----- Data segment

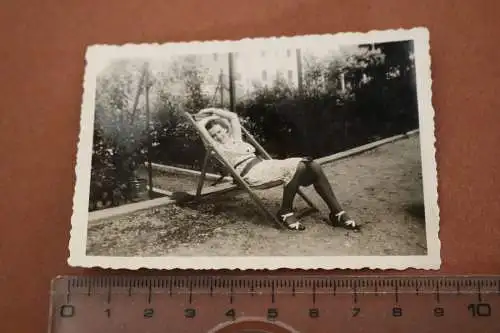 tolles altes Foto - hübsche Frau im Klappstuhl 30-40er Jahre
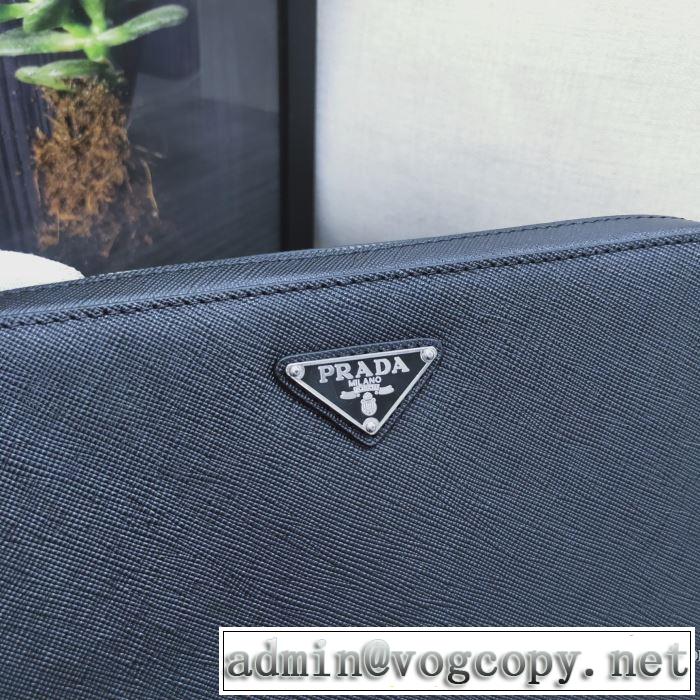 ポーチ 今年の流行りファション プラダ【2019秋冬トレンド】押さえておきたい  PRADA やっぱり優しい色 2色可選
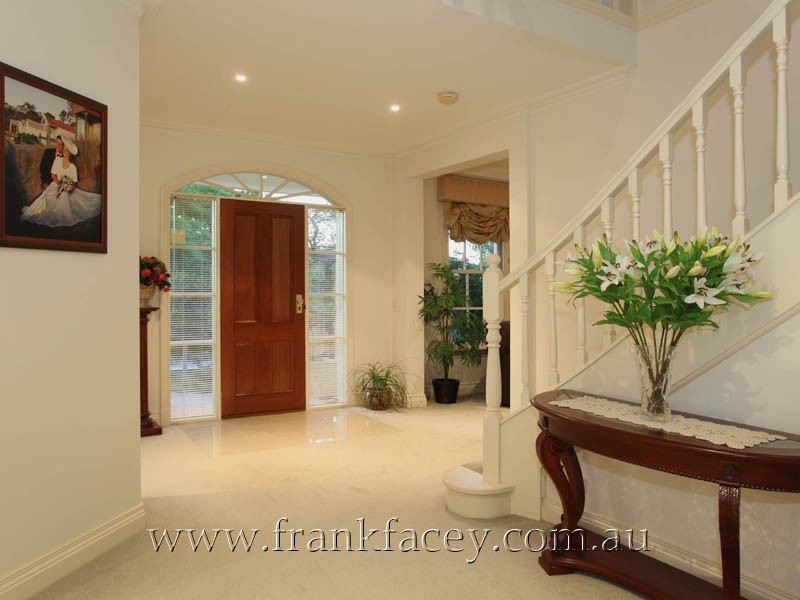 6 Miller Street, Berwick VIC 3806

----------

▶ **What to do**
Transcribe the data word for word, with no images.

▶ **Task solution**
 tolles altes Foto - hübsche Frau im Klappstuhl 30-40er Jahre
 ポーチ 今年の流行りファション プラダ【2019秋冬トレンド】押さえておきたい  PRADA やっぱり優しい色 2色可選
 6 Miller Street, Berwick VIC 3806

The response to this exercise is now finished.